▶ _Task material_

+ + + + +

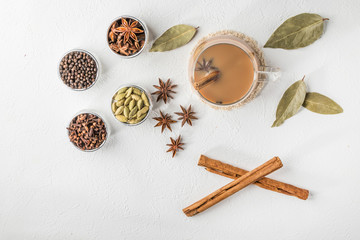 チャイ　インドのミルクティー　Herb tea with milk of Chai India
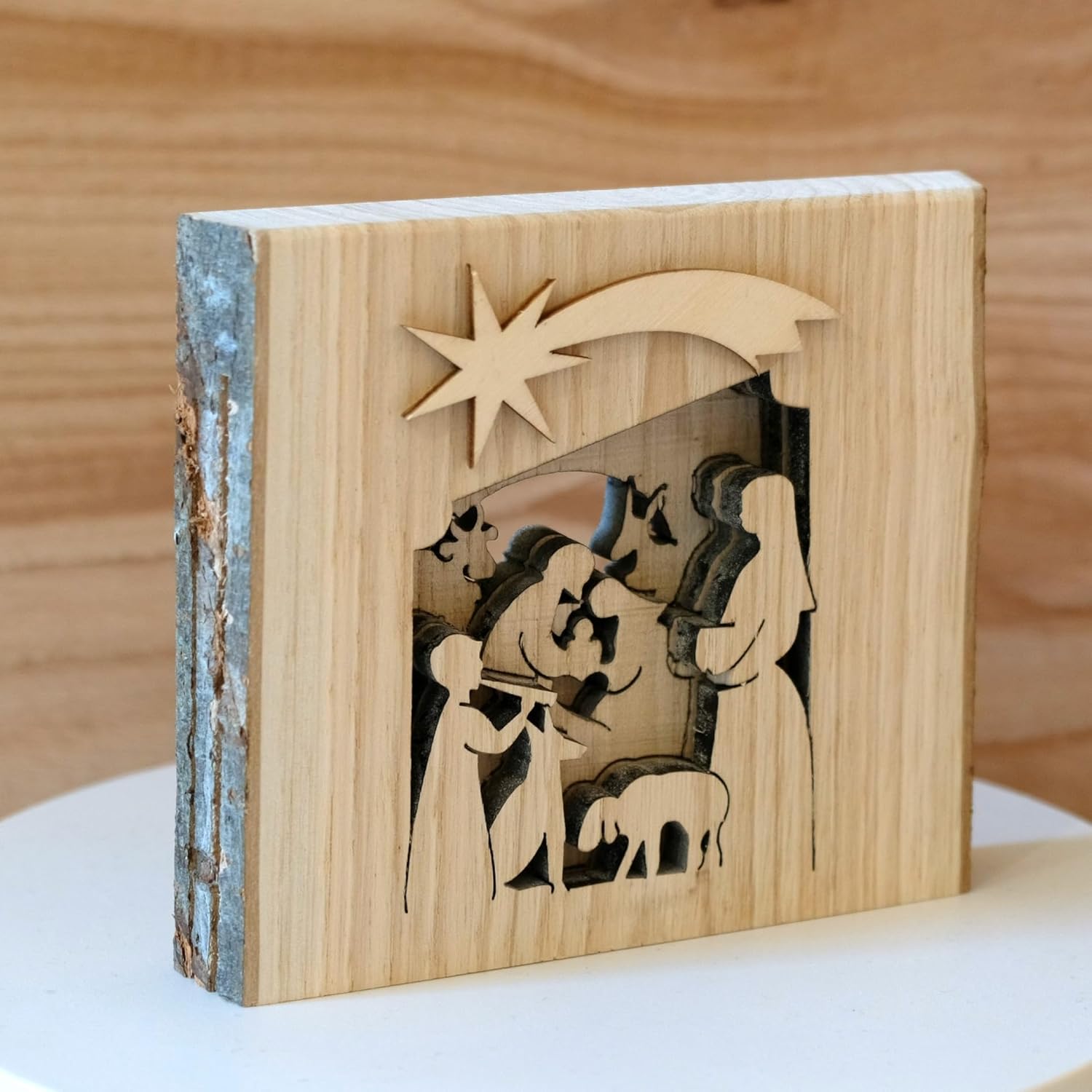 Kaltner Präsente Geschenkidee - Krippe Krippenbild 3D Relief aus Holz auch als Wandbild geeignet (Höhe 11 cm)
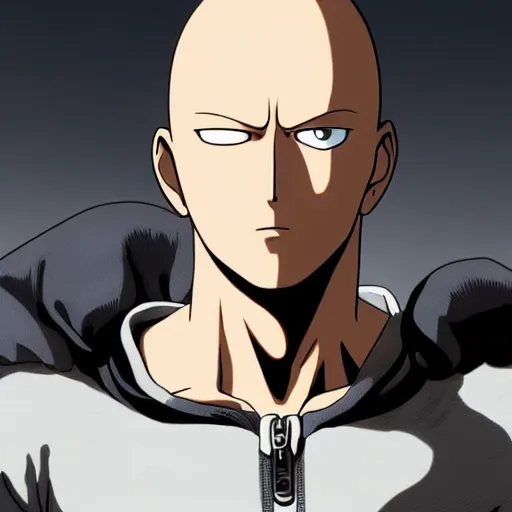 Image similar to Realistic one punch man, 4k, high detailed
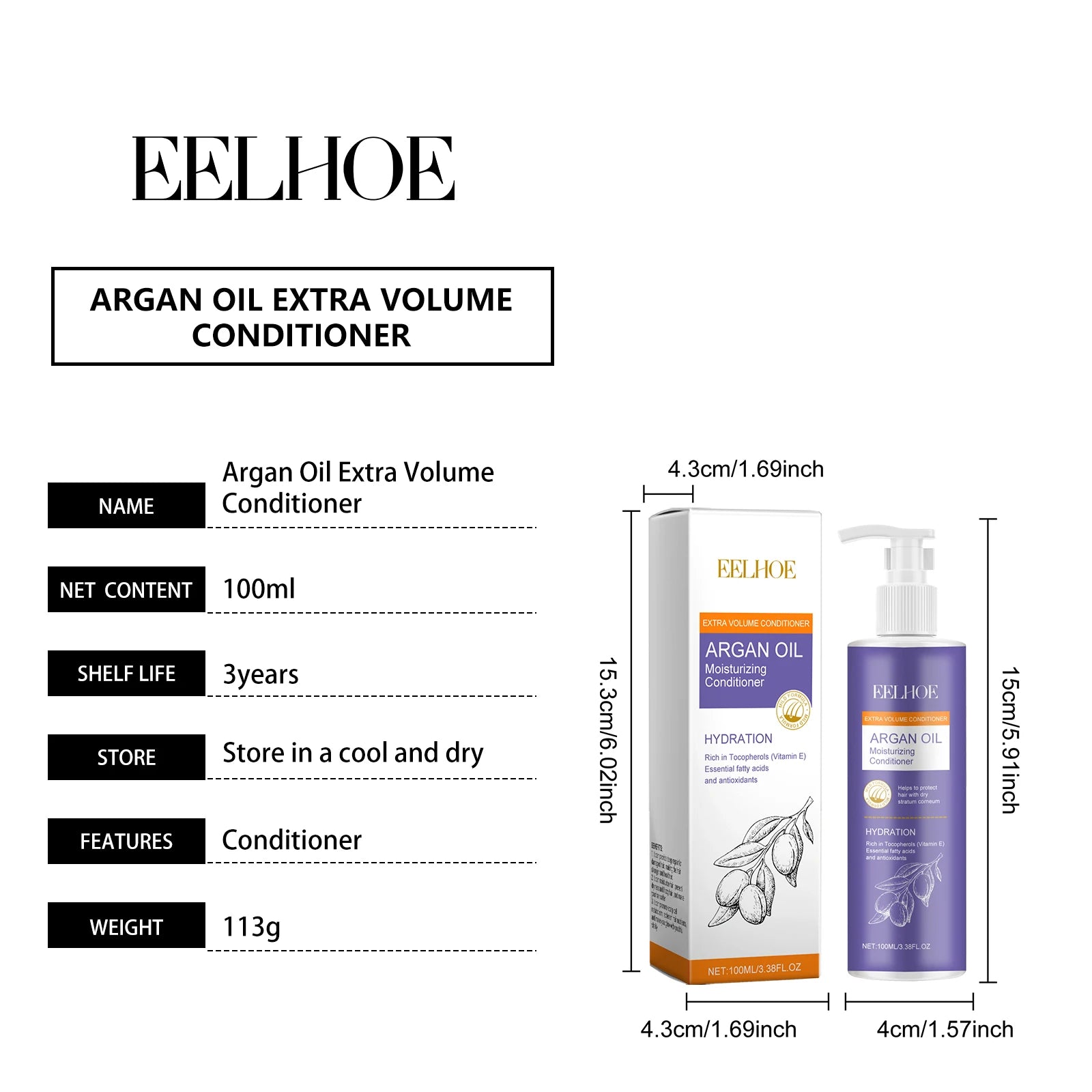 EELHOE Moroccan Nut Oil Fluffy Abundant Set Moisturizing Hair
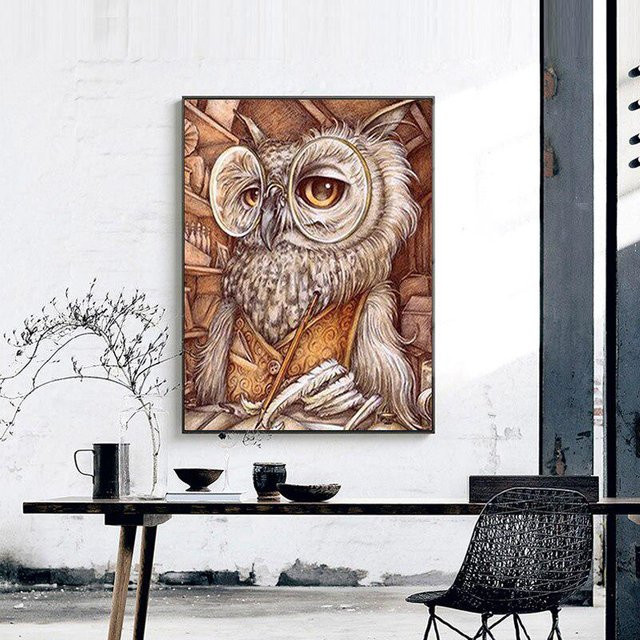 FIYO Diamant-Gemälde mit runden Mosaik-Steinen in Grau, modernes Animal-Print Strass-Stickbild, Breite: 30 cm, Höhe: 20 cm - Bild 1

+ + + + +

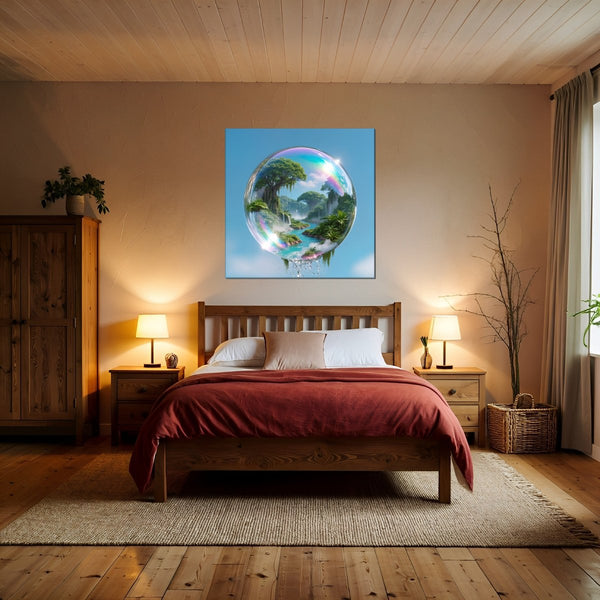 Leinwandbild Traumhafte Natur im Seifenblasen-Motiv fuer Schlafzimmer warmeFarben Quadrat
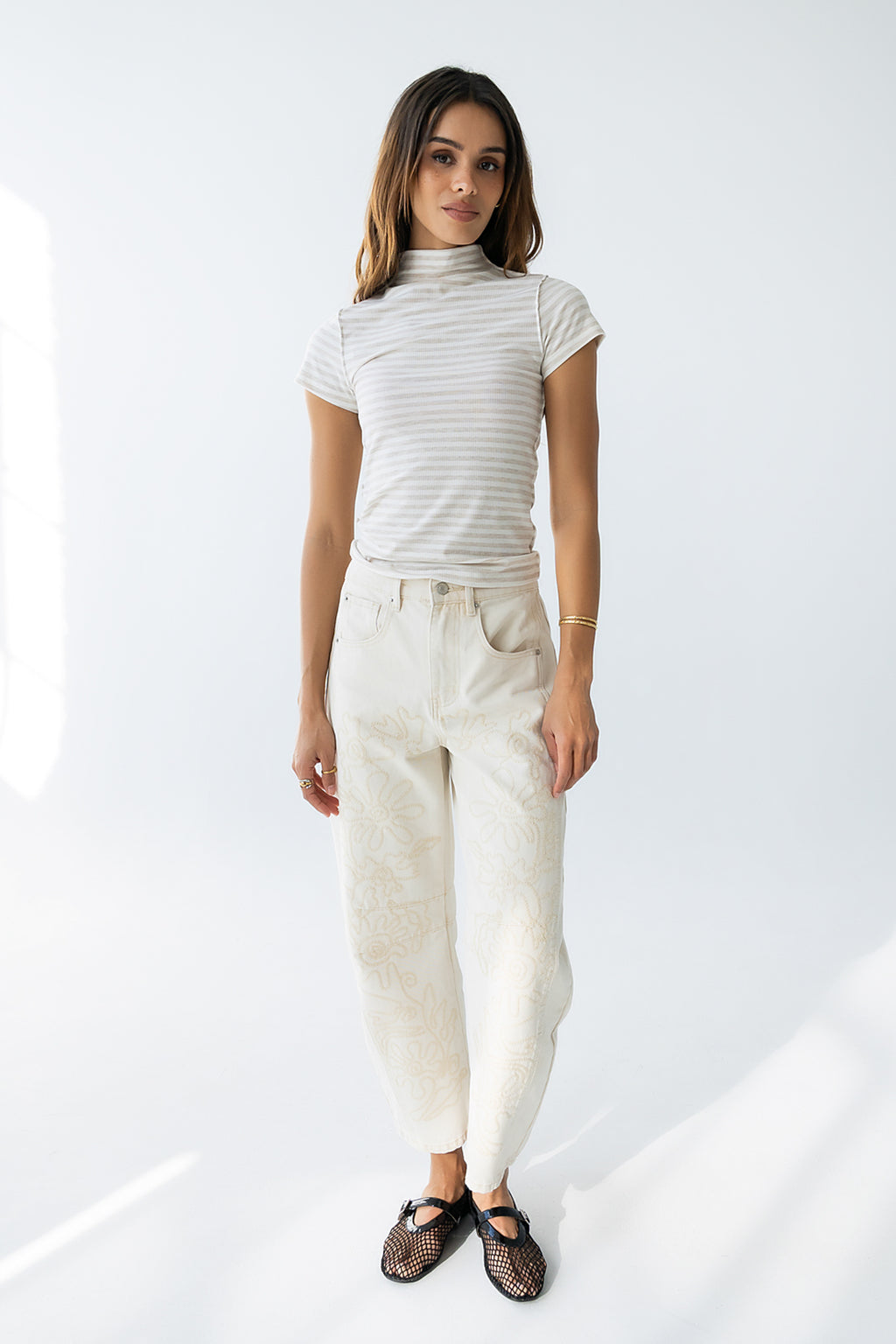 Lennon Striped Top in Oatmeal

+ + + + +

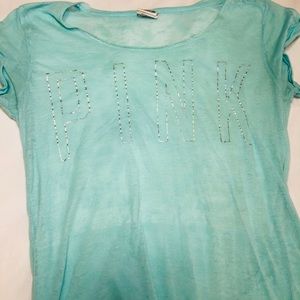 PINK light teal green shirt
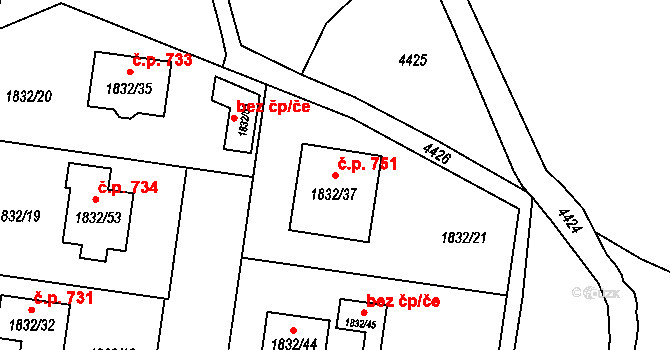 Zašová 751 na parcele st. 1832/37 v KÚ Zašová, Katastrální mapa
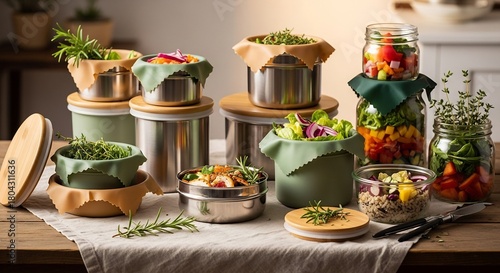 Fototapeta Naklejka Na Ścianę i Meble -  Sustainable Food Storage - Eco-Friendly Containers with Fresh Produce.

+ + + + +

▶ _Your task_
Starting at the line with "EELHOE Moroccan Nut" and finishing at the line with "FIYO Diamant-Gemälde mit", copy the material above exactly, both lines included. Nothing else goes in, and no pictures.

▶ _Output_
 EELHOE Moroccan Nut Oil Fluffy Abundant Set Moisturizing Hair
 FIYO Diamant-Gemälde mit runden Mosaik-Steinen in Grau, modernes Animal-Print Strass-Stickbild, Breite: 30 cm, Höhe: 20 cm - Bild 1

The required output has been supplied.